As described earlier, there were three tumors with BRCA1/2 mutations that had low GI scores. While all tumors were predicted as positive by the AmoyDx® HRD Focus Panel, one had a low GI score both with the AmoyDx® HRD Focus Panel and OncoScan™. The remaining two had positive scores. Interestingly, these three patients received first-line platinum-based treatment, two followed by maintenance treatment, and all remain free of recurrence 2.5 years from treatment initiation.

3.1.6. Concordance in Terms of Final HRD Status

Results based on the analysis of the HRD status (using both GI status and the presence of BRCA1/2 pathogenic variants) are shown in Table 3. The sensitivity, specificity, PPV and NPV were only assessed for AmoyDx® HRD Focus Panel/Myriad MyChoice (Table 3). Analysis was not performed for OncoScan™ because the assessment of BRCA1/2 mutations which accompanies GI score calculation was performed in a different lab (Laboratory of Molecular Oncology), was not part of the same pipeline and might introduce additional bias.

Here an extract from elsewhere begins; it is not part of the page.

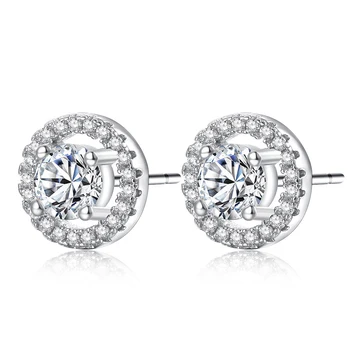 Utimtree Simple Classic Sterling Silver Stud Earrings 925 Fashion Women Jewelry 4 Prongs Setting Cubic Zirconia Earrings Female
Utimtree Simple Classic Sterling Silver Stud Earrings 925 Fashion Women Jewelry 4 Prongs Setting Cubic Zirconia Earrings Female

3.1.7. Mutations in HRR Genes

In addition to BRCA1/2, pathogenic variants were detected in other homologous recombination genes, including ATM, BRIP1, CHEK2, PALB2, RAD51C and RAD51D. One tumor, with a negative GI status by Myriad MyChoice, had four ATM loss-of-function variants and a pathogenic BRCA2 variant. Another tumor that was GI-positive with Myriad MyChoice had both a splice-disrupting variant in RAD51C and a pathogenic BRCA1 variant. Two tumors found GI-positive by Myriad MyChoice were devoid of pathogenic or likely pathogenic BRCA1/BRCA2 variants, but one harbored a pathogenic RAD51C variant and the other two loss-of-function PALB2 variants.
Contrarily, a pathogenic CHEK2 variant was detected in a patient with a GI-negative tumor, while a patient’s tumor with an inconclusive GI status harbored a likely pathogenic FANCL variant and a splice variant in ATM. Both of these tumors were negative for pathogenic BRCA1 and BRCA1 variants.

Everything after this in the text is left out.